### [Assignment]
From the line containing "Calvin Klein Pink" through the end of the material below, output each line exactly as written, with pictures excluded.

### [Information provided]

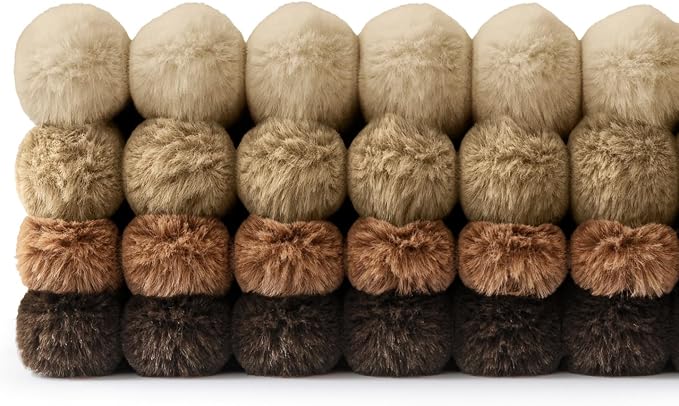 MIULEE Fall Faux Fur Plush Decorative Throw Pillow Covers 18x18, Dark Brown | Set of 4, Striped, Soft Boho Farmhouse Vintage, Rustic Cozy Home Decor, Cushion Cases for Sofa Couch Bed Living Room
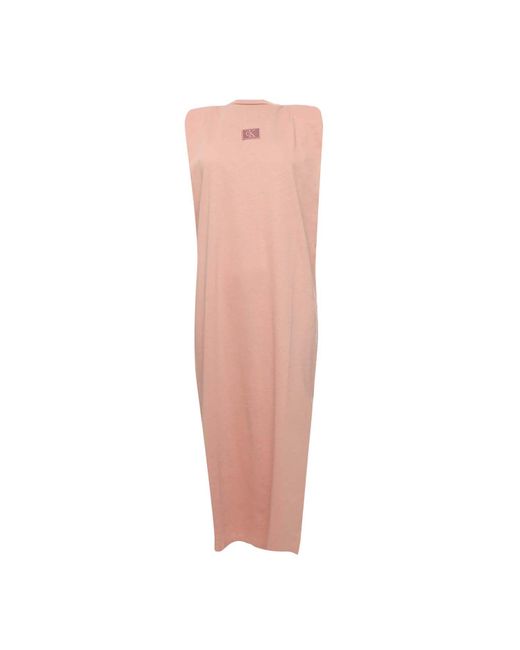 Calvin Klein Pink Padded Shoulder Jersey Dress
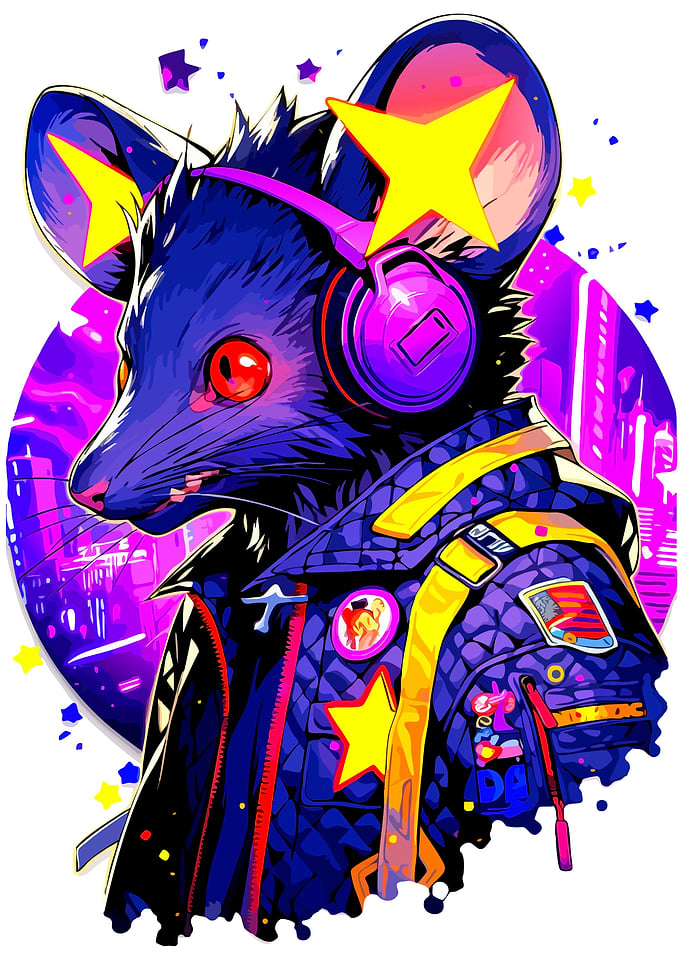 Cyberpunk Mouse with Headphones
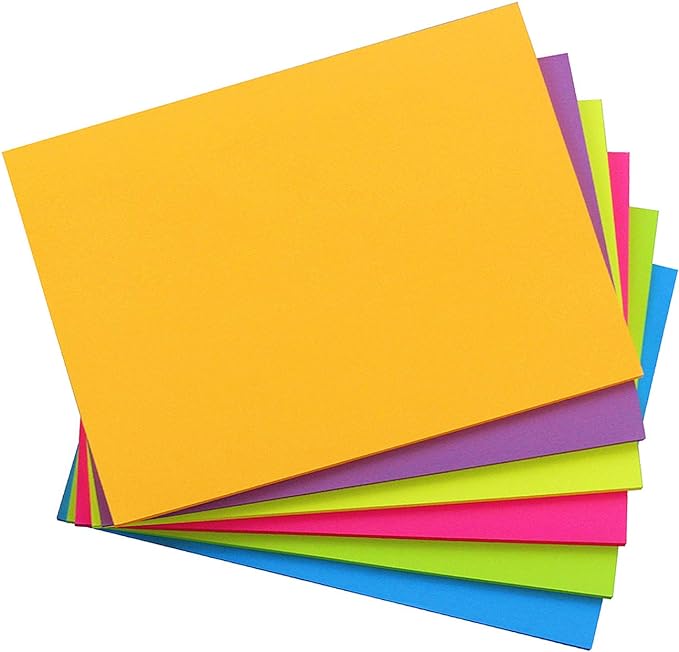 Sticky Notes 8x6, 6 Color Bright Colorful Sticky Pad, 6 Pads/Pack, 45 Sheets/Pad, Self-Sticky Note Pads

### [Solution for this exercise]
 Calvin Klein Pink Padded Shoulder Jersey Dress
 Cyberpunk Mouse with Headphones
 Sticky Notes 8x6, 6 Color Bright Colorful Sticky Pad, 6 Pads/Pack, 45 Sheets/Pad, Self-Sticky Note Pads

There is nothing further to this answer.